Mate 30 Launch to Happen Without Pre-loaded Google Apps & Services; Series Could Run AOSP or HarmonyOS
The Mate 30 launch could showcase one of the best Android flagship series of this year, but uncertainties between the Chinese and U.S. governments mean the upcoming devices could lose out on Google’s apps and services. For those that don’t know, Google pulled OS updates and more from Huawei devices following a U.S. government blacklist order back in May of this year. Fearing the worst, the Chinese giant most likely ramped up development of its custom operating system called HarmonyOS, which will initially be used in products falling under the IoT category.
Fortunately, the Trump administration decided to provide Huawei some relief and allowed U.S. companies to resume their business with the manufacturer. Disappointingly, the latest development in the saga reveals that the Android ban will be maintained for the upcoming Mate 30 launch unless a middle ground is reached between the two governments.

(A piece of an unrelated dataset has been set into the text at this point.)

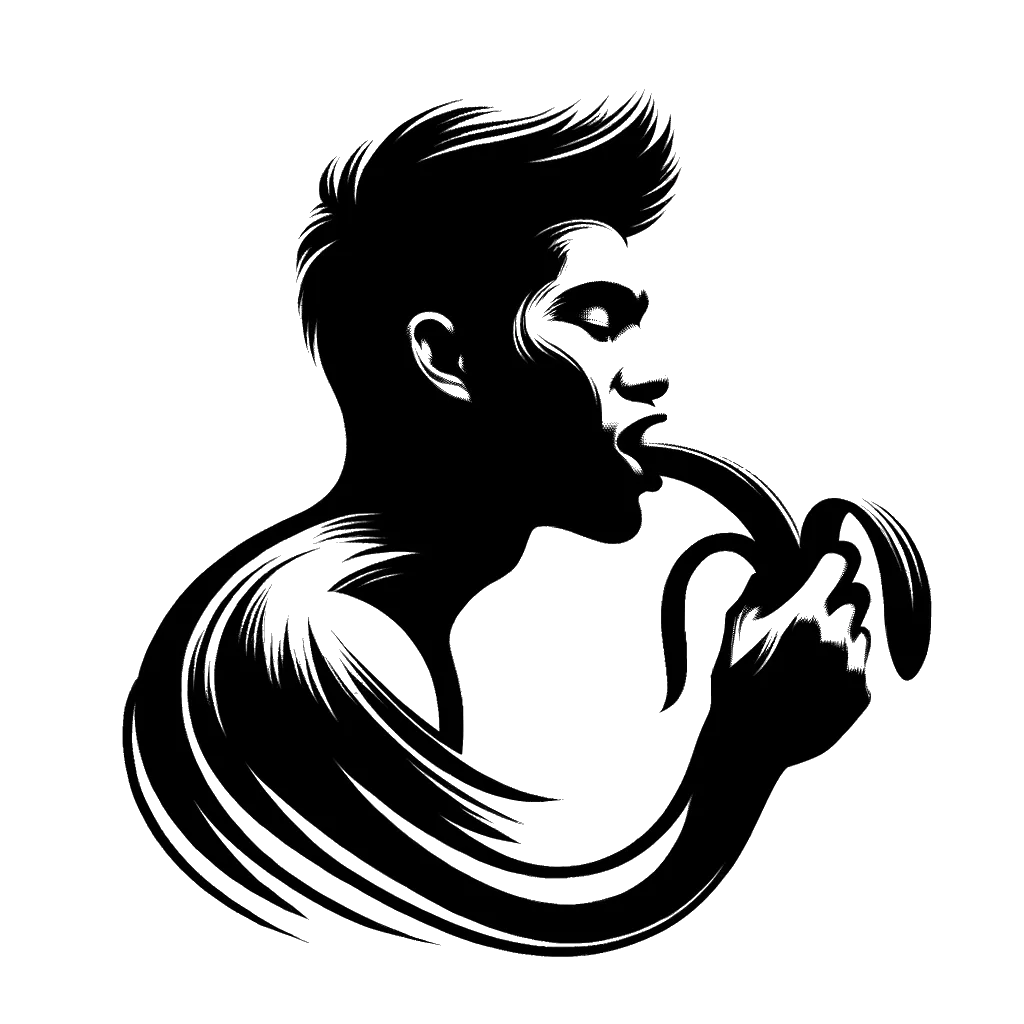 un dibujo de un hombre comiendo un plátano representando el tema de Nutrición en blanco y negro.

Huawei Spokesperson Implies Mate 30 Launch Might Proceed With Company’s Own OS Development
According to a report from Reuters, Huawei spokesperson Joe Kelly states that the manufacturer aims to use Android, but if necessary, it will continue to develop its HarmonyOS platform, which is geared towards providing a seamless ecosystem over a variety of products.

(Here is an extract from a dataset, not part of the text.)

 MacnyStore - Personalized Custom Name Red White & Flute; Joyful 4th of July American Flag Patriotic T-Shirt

“Huawei will continue to use the Android OS and ecosystem if the U.S. government allows us to do so. Otherwise, we will continue to develop our own operating system and ecosystem.”
Huawei has been blacklisted due to security concerns, but President Trump earlier indicated that the ban would be lifted if a trade deal between China was reaching calmer waters. If the Mate 30 launch proceeds without any Google apps or service, the only region where Huawei might experience success is in China, where it continues to dominate with cheaper device releases that tout a boatload of features. China is also a country where users don’t make use of Google’s apps and services, so it won’t mean much to them.

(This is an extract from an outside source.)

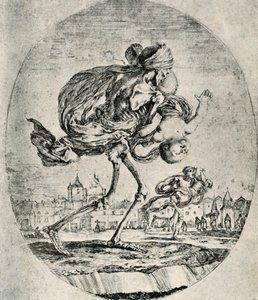 Reproducción de grabado del conjunto de Cinco Muertes, por Stefano della Bella, 1906 de Stefano della Bella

However, independent analyst Richard Windsor believes success outside of China for the Mate 30 and Mate 30 Pro will be severely limited.
“Without Google Services, no one will buy the device.”
At this stage, Huawei will either have the choice of going forward with the Mate 30 launch using AOSP (Android Open Source Program). Both the Mate 30 and Mate 30 Pro will release running Android, but users won’t be able to use Google’s apps, services, and won’t receive future updates either. The second option is for both premium handsets to launch running HarmonyOS. Earlier, Huawei’s executive boasted that it could take a few days for the company to shift its devices to running its custom platform, but that move isn’t a part of their focus as they want to continue working with Google for the near future.
Fortunately, with the Kirin 990 design work completed, the ban won’t affect the launch of the 7nm EUV SoC. The third option for Huawei is to delay the Mate 30 launch, which could happen if both U.S. and Chinese government progress in trade talks. Nonetheless, it is a shame that two phones projected to be Huawei’s best in the Android smartphone space will be rendered useless for nearly all customers living outside of China thanks to all this. Hopefully, these trade talks will reach a stage where Huawei won’t have to dig for desperate countermeasures, especially since the company was projected to ship approximately 270 million devices this year.